Lapisan pertama merupakan tarif universal sebesar 10 persen yang akan dikenakan pada negara-negara yang memiliki hubungan erat dengan AS seperti Jepang dan Korea Selatan.

Sementara lapisan kedua adalah tarif tertinggi, yang diperkirakan melebihi 50 persen dan kemungkinan besar akan dikenakan pada China sebagai kompetitor strategis utama AS. 

Lapisan ketiga merupakan tarif menengah, di atas baseline namun lebih rendah dari tarif yang diumumkan 2 April 2025. Negara-negara yang termasuk dalam kelompok ini adalah mereka yang memiliki hubungan kuat baik dengan AS maupun China—termasuk Indonesia dan beberapa negara ASEAN lainnya seperti Vietnam.

Helmi menyebutkan, dampak kebijakan tarif ini akan terbagi dalam dua kategori, yaitu dampak langsung dan tidak langsung. Dampak langsung muncul dari potensi penurunan ekspor ke AS akibat melemahnya permintaan dan menurunnya daya saing produk ekspor karena tarif. 

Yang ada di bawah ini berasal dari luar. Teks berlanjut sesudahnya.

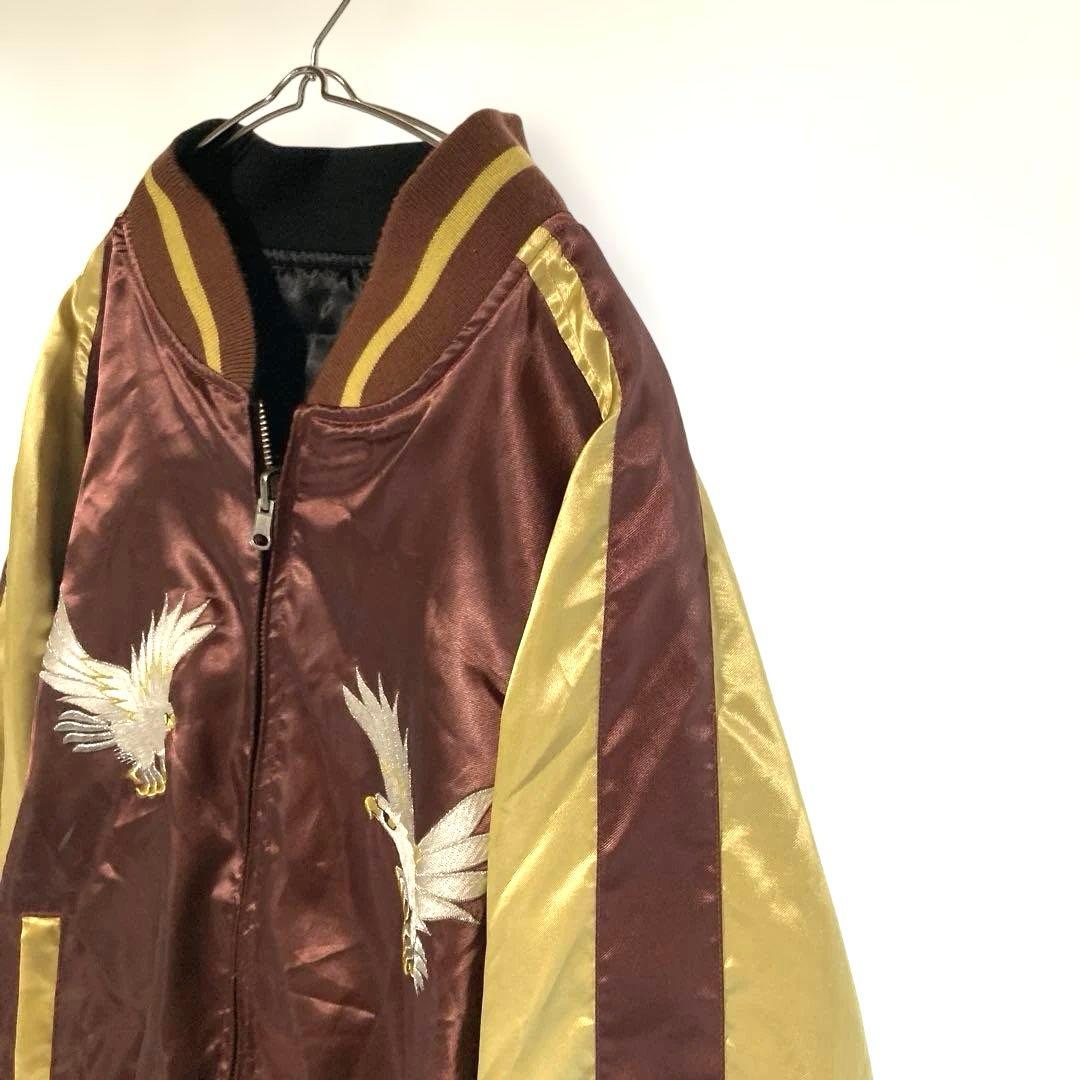 リバーシブル スカジャン 龍 鷹 刺繍 日本地図 Lサイズ 和柄 ヴィンテージ風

Dampak tidak langsung mencakup pelemahan ekspor ke negara-negara lain serta berkurangnya aliran investasi global karena terganggunya rantai pasok internasional.

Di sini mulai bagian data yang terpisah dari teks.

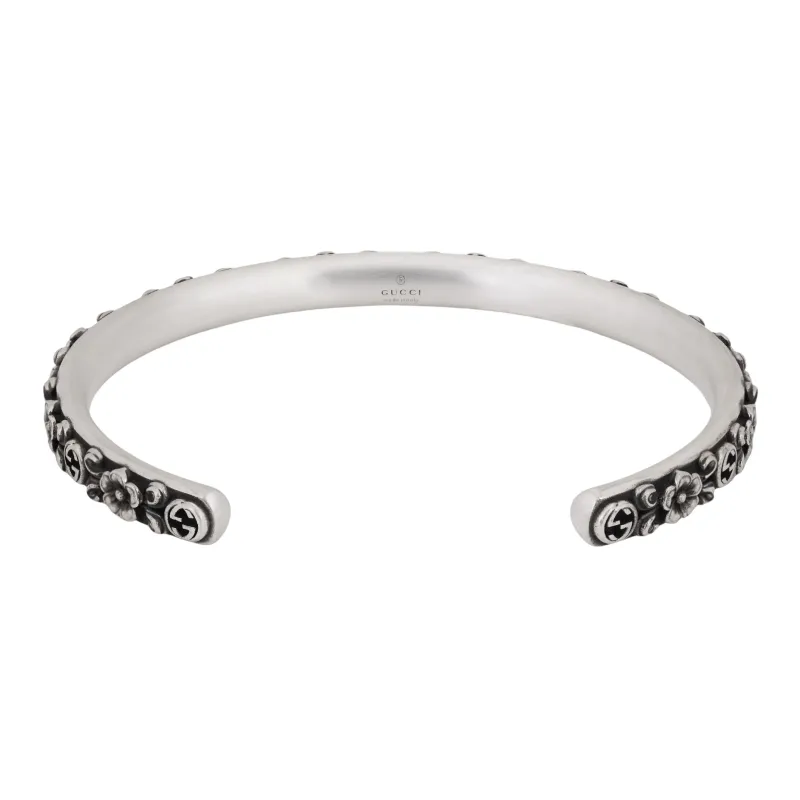 GUCCI Sterling Silver Interlocking G Bracelet-1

Menurut simulasi Citi, dampak terhadap Indonesia dinilai relatif lebih moderat dibandingkan negara-negara dengan ketergantungan tinggi pada ekspor dan investasi asing, seperti Vietnam. 

Namun, Helmi mengingatkan, industri padat karya Indonesia seperti tekstil, sepatu, dan kulit tetap rentan terhadap penurunan permintaan dari AS.

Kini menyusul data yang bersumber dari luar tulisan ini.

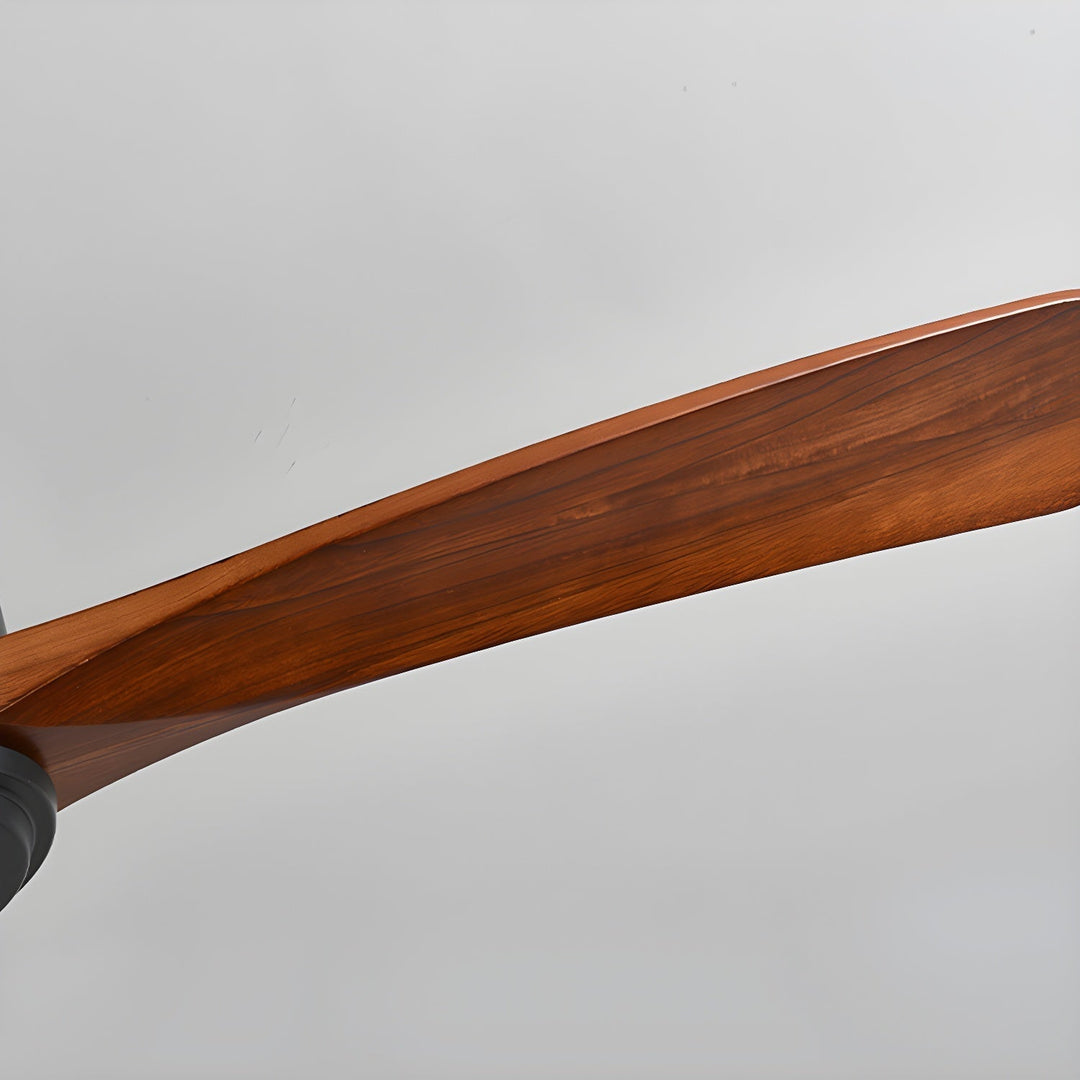 "Nordic Wooden Ceiling Fan Light with sycamore blades and LED, remote-operated for modern home decor."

Selain itu, kata dia, dampak tidak langsung juga akan dirasakan Indonesia dari potensi pelemahan ekonomi China, yang merupakan pasar utama bagi ekspor produk sumber daya alam Indonesia seperti nikel, baja tahan karat, dan batu bara. Menurutnya, pelemahan di China berpotensi menekan pertumbuhan ekspor komoditas tersebut ke depannya.

Di sektor keuangan, Helmi mencatat, volatilitas pasar juga meningkat sejak pengumuman tarif pada 2 April 2025. Periode tersebut bertepatan dengan musim repatriasi dividen oleh perusahaan-perusahaan dengan pemegang saham asing, yang turut meningkatkan permintaan dolar di dalam negeri.

Namun, dia mengapresiasi kebijakan pengetatan retention period dari Devisa Hasil Ekspor (DHE) yang diberlakukan sejak Maret, karena berhasil menopang pasokan valas domestik. 

“Kita sudah melihat bahwa cadangan devisa BI di bulan Maret pasca diperlakukannya pengetatan aturan DHE ini itu meningkat menjadi 150, di kisaran USD157 miliar, itu mungkin posisi yang salah satu posisi yang tertinggi sepanjang sejarah,” ujar Helmi.

Menurut Helmi, dukungan kebijakan DHE cukup membantu menyeimbangkan kebutuhan valas yang meningkat akibat repatriasi dividen dan gejolak pasar keuangan yang dipicu oleh kebijakan tarif AS.